Brain Teaser - nominally symmetrical parts - pass one way, but fail the other? 1

[Nescius]

Consider a round disk, let's say roughly the shape of a hockey puck. Let's name one flat face as datum feature A. Then, let's give a basic dimension for the thickness and control the other flat face with a profile tolerance.

To make the thought experiment cleaner, just assume that both faces are very flat and parallel, relative to the profile tolerance.

We pull the part out of a bucket, randomly oriented, and inspect the part by choosing one of the flat faces as datum feature A...the part passes. We then flip the nominally symmetrical part over and inspect again...but it fails.

I believe this is possible. If any of you agree, what then? Is the part "good" or "bad"?

 

[Vishal2015]

What is the tolerance value of flatness and profile of surface?
If flatness tolerance zone is larger then profile, then it could happen.

 

[Nescius]

Assume the profile tolerance is much larger than the flatness tolerance. If you want numbers, let's say that datum feature A has a flatness tolerance of 1 unit. Let's say the profile tolerance is 10 units.

Let's also assume that both flat surfaces meet the flatness spec of 1, so this is not the cause for failure when the part is flipped over. Going further, let's throw a parallelism tolerance of 1 unit on the top surface, relative to A. So, no weird effects from extreme orientation error.

 

[greenimi]

Per Mark Foster--on linkedin website:

"This symmetrical part discussion is not well-covered in the standard, so this is my opinion, not a Y14.5 edict. I believe that if you cannot positively identify which end is A and which end is B, then the part should check good from BOTH ends, and therefore each end would need to be held to the tighter tolerance. My reasoning is that if the part is designed to be truly symmetrical, then it should work in its assembly/function regardless of which way it is assembled -- the entire definition of a symmetrical part. I train people to *purposefully* destroy the symmetry of a part (in an inexpensive manner) just so that there can be no argument about which side is which and so that there is only ONE correct orientation of the part -- UNLESS it is the absolute design intent that the part be able to be assembled either way and work the exactly the same when assembled either way.
From the standpoint of the same mindset as "candidate datums" on a rocking datum feature, I agree that if you inspect from one end of our "symmetrical" cylinder in question and find a non-conformance, that you should then inspect from the other end to see what you get. And I further agree that (still in the same "candidate datum" mindset) if you find the part conforming when you hold it from the other end, then it is a conforming part. I think that these conclusions or methodologies can be best supported by what is currently in the standards.

There are a couple of problems to consider, though. One is that it may be impractical, impossible or even illegal (i.e. it may change the properties of the feature rendering it non-functional) to mark the feature that you found to create the conforming scenario. Another is, it may be the design intent that the part specifically function from either end. In other words, the design person wants assembly to be able to put together the assembly without worrying which way they are inserting the pin. Therefore, if *either* end used as the "datum feature" results in a non-conformance, design would like the part rejected.

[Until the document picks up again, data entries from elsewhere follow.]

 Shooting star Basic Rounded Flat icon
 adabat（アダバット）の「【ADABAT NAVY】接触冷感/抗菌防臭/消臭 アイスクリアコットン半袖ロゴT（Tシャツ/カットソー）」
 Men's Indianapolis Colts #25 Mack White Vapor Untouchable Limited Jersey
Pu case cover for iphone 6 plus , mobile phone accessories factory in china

I suppose in the latter case, we could recommend that the designer purposefully call *each* end its own separate datum feature and profile each opposite end relative to each opposing datum feature. Some would view this as double-dimensioning, even though I think that we have proven through our discussion that it would technically not be.

My bottom line question from where this thread has migrated, is: How should we definitively communicate that we *desire* a truly symmetrical part versus that it is ok for the part to only conform one way even though we cannot (for some reason) mark the part or destroy the symmetry on purpose?"

 

[CheckerHater]

Yes, it's possible.

On the enclosed picture both sides have the same flat/parallel variation. The trick is in highest points you use to establish the datum.

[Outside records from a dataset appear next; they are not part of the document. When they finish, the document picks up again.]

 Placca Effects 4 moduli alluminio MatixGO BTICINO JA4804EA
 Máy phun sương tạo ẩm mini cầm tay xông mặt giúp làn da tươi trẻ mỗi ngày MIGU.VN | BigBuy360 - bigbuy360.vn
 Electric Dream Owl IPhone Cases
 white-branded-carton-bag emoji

Even if you argue that part may be leveled, it will never be perfect, so part will always be "larger" in one position then in the other.

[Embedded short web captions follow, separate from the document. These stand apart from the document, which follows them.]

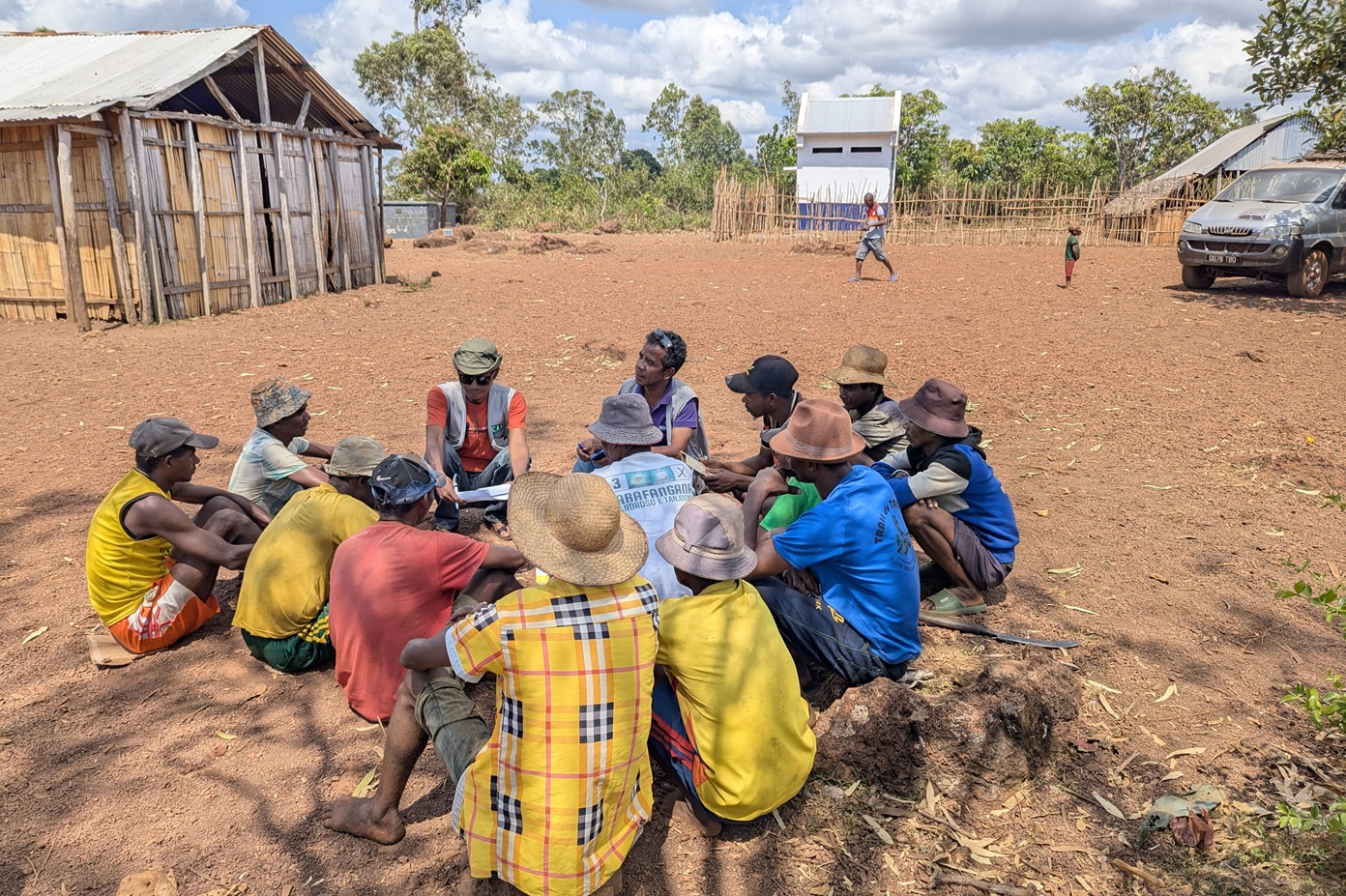 Men's focus group discussion, Farafangana, Madagascar.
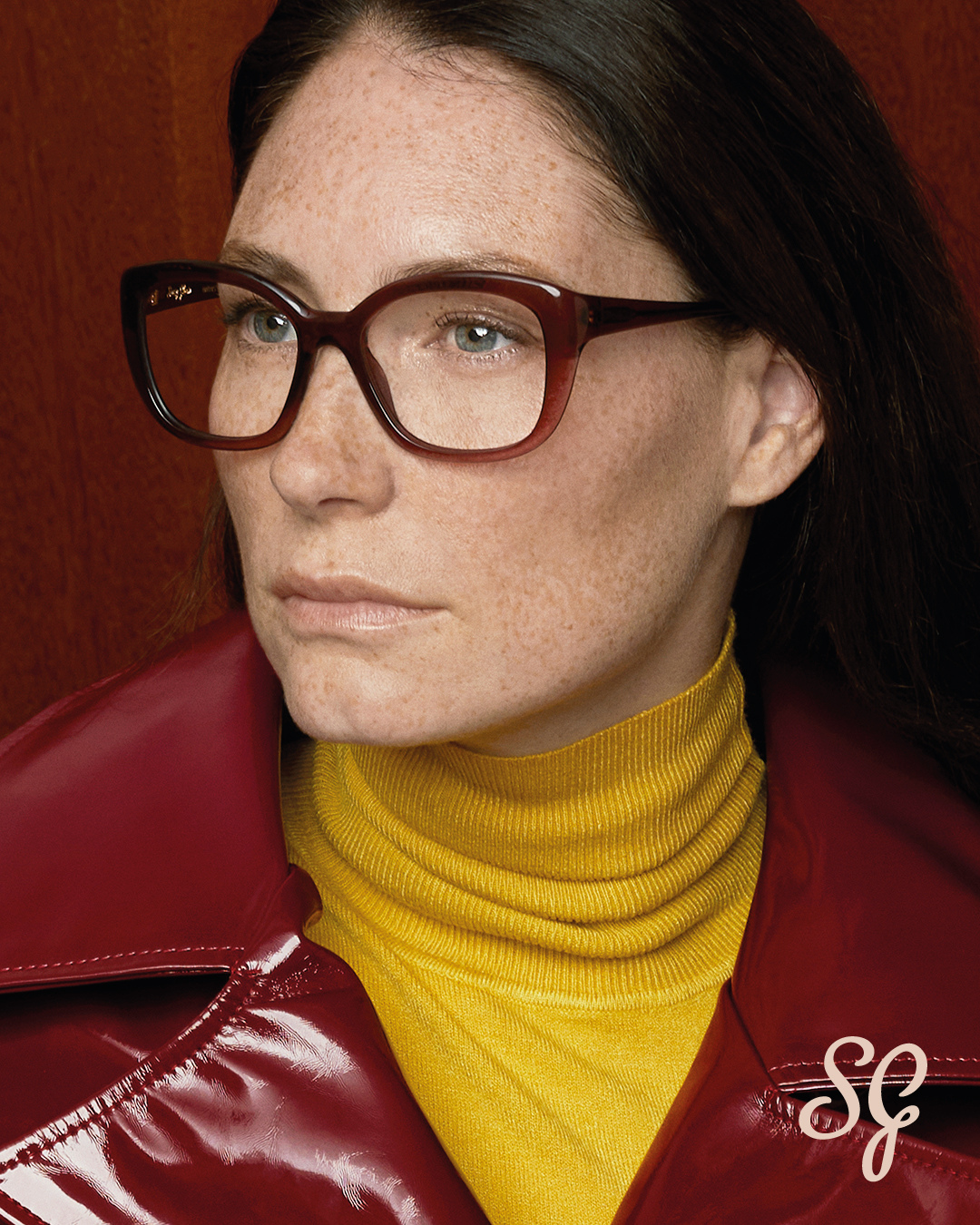 Brillenfassung von Susy Glam aus der Kampagne Herbst Winter 2026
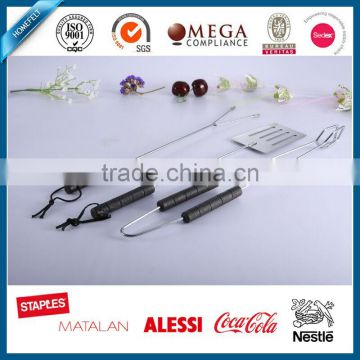 Stainless steel new design-3 pieces bbq /BBQ Tools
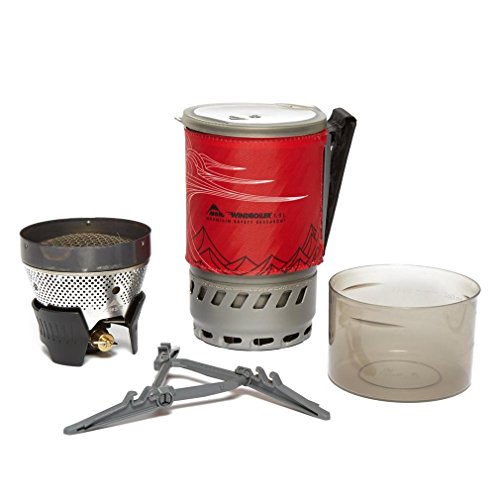 MSR WindBurner - Windsicheres Kochersystem - 1 Liter (rot) von MSR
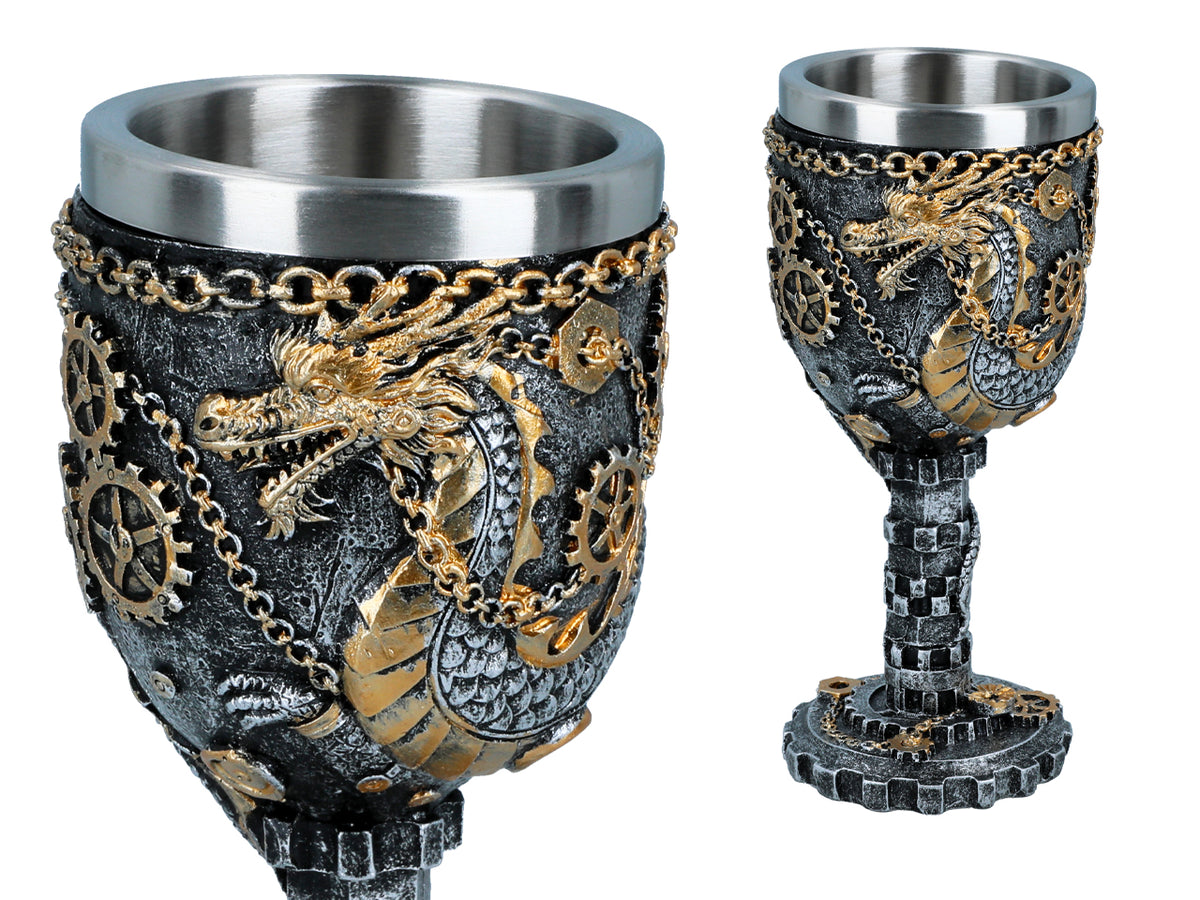Cupă decorativă Moștenirea străvechilor 200ml, cu posibilitate de personalizare prin gravură, ideală pentru cadou, design elegant în stil vintage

Naturally, this is purely theoretical example, one out of infinite number of imperfect shapes out there.

"For every expert there is an equal and opposite expert"
Arthur C. Clarke Profiles of the future

 

[JNieman]

When possible, features that serve no other purpose other than ruining symmetry, can be designed into the part.

If your hockey puck is a lathe turned part, a simple non-precise groove on the outside diameter can indicate direction, and also be referenced in assembly instructions further down the line.

Of course, designing it so that it will truly work either way would be simplest. Maybe that means it'll fail one way and not the other if it's at an extreme of form / surface condition - but that is the price for a symmetric part that can be used either-way. If it /can/ be used either way, it should be /able/ to be used either way. Much more eloquently stated by the quote from Mark Foster, which greenimi posted.

 

[Nescius]

Thanks, all! I stumbled upon the dilemma in a real-world application where adding another feature to the part was simply impossible. Even if I could've explained the situation to my boss and the customer, cost would have driven the decision. Furthermore, the parts would have been installed "backwards" anyway. The part is small and installed on an assembly line by a human. I doubt the customer wants to add that headache to their process.

As to my opinion on whether or not the part should pass in both orientations in order to be called "good", well, that depends.

If the failing "low spots" on one of the faces could be important to the part function, I suppose you'd better consider that. Even then, my initial sketches show that these low spots can never violate the profile tolerance by more than the flatness tolerance, and that's only if the face acting as the datum feature is perfectly flat and the hockey puck is absolutely as short as allowed in the "passing" setup. My sketches assumed good parallelism, though. So, I could be mistaken.

If the entire surface in question contacts a mating part, though, it might really be the tangent plane we're concerned with. This is the case with my part. Even if it technically fails inspection one way, if it passes when flipped over, it will work in the assembly. My part isn't shaped like a hockey puck, but the hockey puck example distills my issue nicely.

See the attached for my thoughts

 

[CheckerHater]

Even though symmetrical parts are not well covered in the standard, it doesn't mean they cannot be covered in your drawing.

Add the note to the drawing that part must pass inspection when either side is used as a datum "A" if the application is critical.

"For every expert there is an equal and opposite expert"
Arthur C. Clarke Profiles of the future

 

[3DDave]

1) What's the part made of? There is temporary and permanent marking that is smaller than the allowable variation. Magic marker or laser etch, for example.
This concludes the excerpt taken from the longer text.